Faster DSL speeds are coming this summer when Verizon Online plans to add a new, additional tier of consumer DSL service with a maximum connection speed of 3Mbps/768Kbps for qualified customers. In addition, when Verizon introduces its consumer VoIP service this quarter, the company will provide it to qualifying Verizon Online DSL customers at a discount.
"Fifty-one percent of Verizon's residential customers have purchased local calling in combination with either Verizon long-distance or Verizon DSL, or both," said Verses. "Our ability to offer customers a compelling array of local, long-distance, wireless, broadband and video services is unmatched by our cable competitors. Expanding our DSL service will allow us to offer even more innovative packages that include services like voice over IP."
Pricing for the higher-speed DSL service and VoIP package will be announced later. Verses said that, like all Verizon Online DSL offerings, pricing for these services will be highly competitive.
This quarter Verizon Online will triple to 384Kbps the upstream speed of its basic DSL offering for qualifying customers. The price for this 1.5Mbps/384Kbps service will remain the same as the current 1.5Mbps/128Kbps service -- $34.95 a month for stand-alone service or $29.95 a month when purchased as part of a package of local and long-distance calling services.

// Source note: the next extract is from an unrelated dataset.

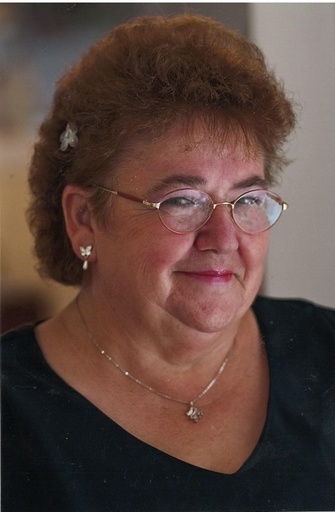 Fernande Durocher
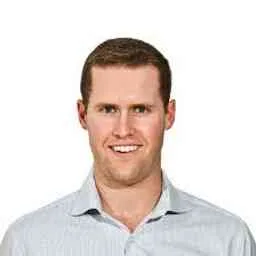 Brendan Wales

A recent Pew Internet & American Life study shows that DSL now has a 42 percent share of the home broadband market, up from 28 percent in March 2003, and that more and more Internet-users are moving from dial-up to broadband. The study also shows that the number of DSL users at home has more than doubled since March 2003, while the number of home cable-modem users grew by less than one-quarter.
Last week, Verizon announced record sales for its Verizon Online DSL business with the addition of 345,000 new high-speed Internet customers in the first quarter of 2004, representing a 46 percent year-over-year growth rate. The company now has 2.7 million DSL lines in service.

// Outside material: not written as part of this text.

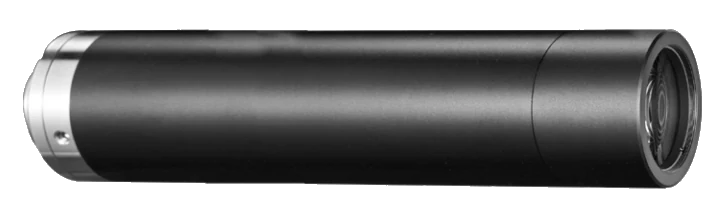Lente cuasi-telecéntrica, 0.175x, 640 mm WD, 1" (LS-KY-0175-640)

Several Verizon Online initiatives during 2003 contributed to this growth. In May 2003, Verizon Online doubled the maximum connection speed of its entry-level DSL offering to 1.5Mbps/128Kbps while lowering the price of the up to 1.5Mbps service from $59.95 a month to $34.95 a month. At the same time, Verizon lowered the price of basic DSL service to $29.95 a month when purchased as part of a package of Verizon local and long-distance calling services.
Also in May, Verizon launched its partnership with MSN and began offering its DSL customers the broadband-enabled content and services of MSN 8 at no additional charge. Today the MSN service has been upgraded to MSN Premium, which includes critical tools like firewalls, virus protection and parental controls.

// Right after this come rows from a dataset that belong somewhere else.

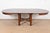 Wood Stickley Antique Mission Oak Arts & Crafts Extension Dining Table, Newly Refinished For Sale - Image 7 of 11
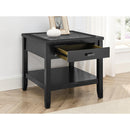 Steve Silver Furniture Garvine End Table GV100E IMAGE 8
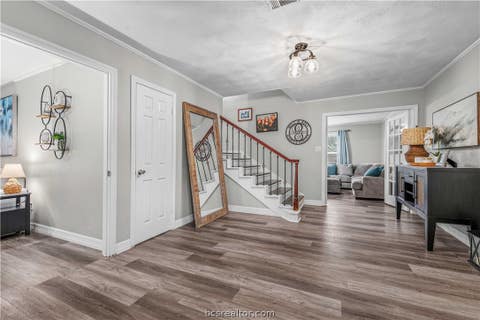 Tiny photo for 1503 Feather Run Circle, College Station, TX 77845 (MLS # 26009683)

Customer satisfaction has improved. The company streamlined its do-it-yourself DSL installation kit, reducing the process to three steps and providing an online tutorial that takes customers through the process from start to finish. The company also continued to make improvements in service-provisioning and customer-care processes.
In 2003 Verizon also made DSL service available to 10 million more lines. Aggressive deployment of DSL in remote terminals allowed Verizon to provide service to more households in communities where Verizon central offices are already provisioned with DSL. In 2004, the company plans to make 7 million more of its lines capable of delivering the service.
A Dow 30 company, Verizon Communications (NYSE:VZ) is one of the world's leading providers of communications services, with approximately $68 billion in annual revenues. Verizon companies are the largest providers of wireline and wireless communications in the United States. Verizon is also the largest directory publisher in the world, as measured by directory titles and circulation. Verizon's international presence includes wireline and wireless communications operations and investments, primarily in the Americas and Europe. For more information, visit www.verizon.com.
DSL service generally is available to homes and offices located within approximately three miles of Verizon's local switching center or "central office." Some technical limitations may interfere with the ability of individual telephone lines to get DSL, even when the lines are within three miles of a DSL-equipped central office.
Downstream and upstream speeds describing Verizon Online's services are maximum connection speeds between the customer's computer and Verizon's DSL equipment. Actual connection speeds may vary from the maximum speeds and may be lower than the advertised line rate. Throughput (download and upload) speeds will be lower than connection speeds and vary based on the telephone line's condition and distance from Verizon's central office, home or office wiring and the server or router speed of sites visited on the Internet, among other factors.
The Pew Internet & American Life Project bears no responsibility for the interpretations presented or conclusions reached based on analysis of its data.